Добавить в цитаты Настройки чтения

Страница 10 из 27



Недавно я вспоминал об экспрессивных описаниях Рабана во время посещения фотовыставки Синди Шерман, на чьих фотографиях изображены, казалось бы, разные женщины, представляющие различные образы жизни. Но немного погодя вы не без шокирующего ощущения осознаете, что это – портреты одной и той же женщины в разных позах. И лишь заглянув в каталог выставки, вы узнаете, что эта женщина и есть сама художница. Параллель с настойчивым акцентом Рабана на пластичности человеческой личности, возникающей посредством текучести явлений и внешностих образов, просто поразительна. То же самое верно и в отношении автореферентного позиционирования авторами самих себя в качестве субъектов. Синди Шерман не зря считается значительной фигурой в постмодернистском движении.
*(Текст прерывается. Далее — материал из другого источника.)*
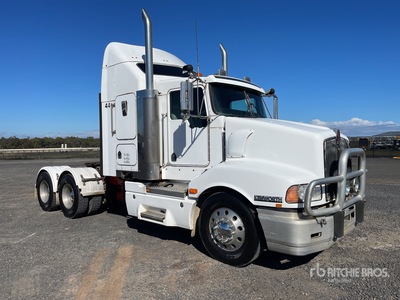 2004 Kenworth T401 6x4 Cabeza Tractora Cabina Dormitorio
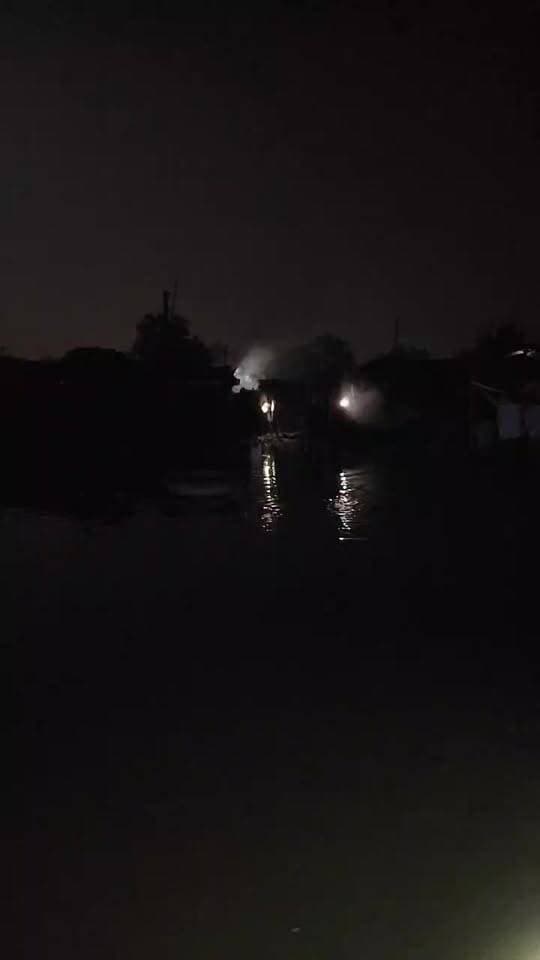 चंदरपुर रतवल पंचायत के रतवल चंपारण तटबंध के ऊपर से गंडक नदी का पानी भठईया गांव में प्रवेश कर चुका है, कृपया आप सभी।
Так что же такое этот постмодернизм, о котором сегодня столько говорят? Так ли сильно изменилась социальная жизнь с начала 1970-х годов, что уместно говорить о жизни в постмодернистской культуре, в постмодернистской эпохе? Или же это просто, как обычно и бывает, очередной поворот трендов в высокой культуре, а заодно и смена академических мод, и это едва ли производит какое-то воздействие или же отзывается эхом соответствия в повседневной жизни обычных людей? Рабан предполагает, что все это имеет большее значение, чем новейшая интеллектуальная причуда, привезенная из Парижа, или последнее завихрение нью-йоркского арт-рынка. Речь также не просто о сдвиге в архитектурном стиле, который фиксирует Дженкс [Jencks, 1984; Дженкс, 1985], хотя здесь мы вступаем в ту сферу, которая потенциально сближает вопросы высокой культуры и повседневной жизни посредством производства строительной формы. Значительные изменения в качестве городской жизни начиная с 1970 года или около того действительно совершились. Но заслуживают ли подобные сдвиги того, чтобы называть их «постмодерном», отдельный вопрос. Разумеется, ответ на него практически напрямую зависит от того, что именно мы можем иметь в виду под этим термином. И вот здесь-то нам в самом деле придется взяться за новейшие интеллектуальные причуды, привезенные из Парижа, или последние завихрения нью-йоркского арт-рынка, поскольку именно из этих ферментов и возникло понятие «постмодерна».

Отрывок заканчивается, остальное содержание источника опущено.